Mais on en voit aussi les coins cachés, ces lieux que l’on ne montre jamais, ces portes devant lesquelles on passe sans s’émouvoir. On saute d’un plan du large et emblématique boulevard de Jongno à un plan dans une minuscule rue bondée, d’une scène où la barrière du langage crée un malentendu à une scène où elle offre une magnifique rencontre, d’un moment de solitude terrifiant à un moment de convivialité inattendu. Le film reflète la Corée qui change, la Corée qui surprend, la Corée qui ravit, la Corée qui déçoit, la Corée qui blesse, la Corée qui ne vous laisse jamais indifférent.
Via ce regard d’un étranger sur la ville, on est loin du sentiment que peuvent laisser un film coréen, un drama coréen ou un clip de K-pop. Il ne s’agit pas de raconter les difficultés à l’école, le fossé entre les différentes classes de la population, l’incompréhension entre jeunes et plus âgés. Il ne s’agit pas de critiquer ou de faire la promotion du pays. #jesuislà raconte le dépaysement, raconte dans quelle mesure la Corée est ce qu’elle est – et ce que Stéphane, voyageur d’à peine une dizaine de jours, en comprend. Le film est à propos de nos irréconciliables différences et de la beauté des gestes qui nous permettent de communiquer et de nous lier malgré tout.

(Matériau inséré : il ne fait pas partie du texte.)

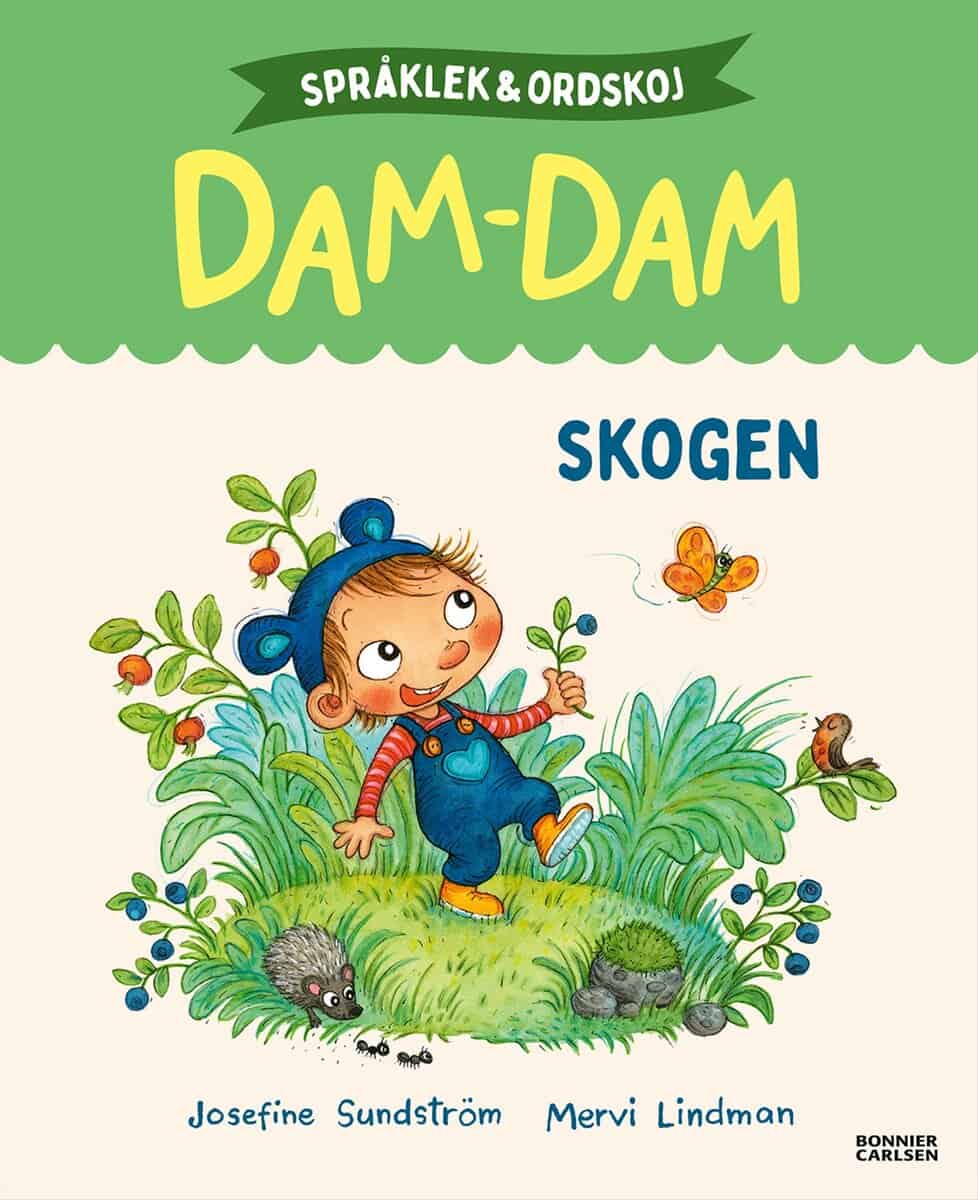 Josefine Sundström : Skogen. Språklek och ordskoj med Dam-Dam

#Jesuislà vu par les coréens
« Pendant le temps où j’ai travaillé sur #jesuislà, j’ai eu une sorte de révélation : une nouvelle compréhension d’à quel point les étrangers perçoivent différemment Séoul, qui est si familière pour moi. A travers cette nouvelle expérience de Séoul et de la manière dont le film a été tourné, je l’ai observée avec un oeil plus esthétique et exotique. Je me suis sentie comme une hôte, pendant le tournage – je voulais que l’expérience [de l’équipe] reflète ce que Séoul signifie pour moi. » (Bae Doo-na, Interview dans The Officiel) « Je suis triste de constater que les coréens apparaissent aux yeux des étrangers comme des gens très occupés, indifférents aux autres. »(Jang Hye-ryung, journaliste pour OhMyNews)
IDENTI-K
#JESUISLA
Réalisateur : Eric Lartigau
Scénaristes : Eric Lartigau et Thomas Bidegain
Casting : Alain Chabat, Bae Doona, Blanche Gardin, Ilian Bergala, Jules Sagot, Camille Rutherford, Delphine Gleize.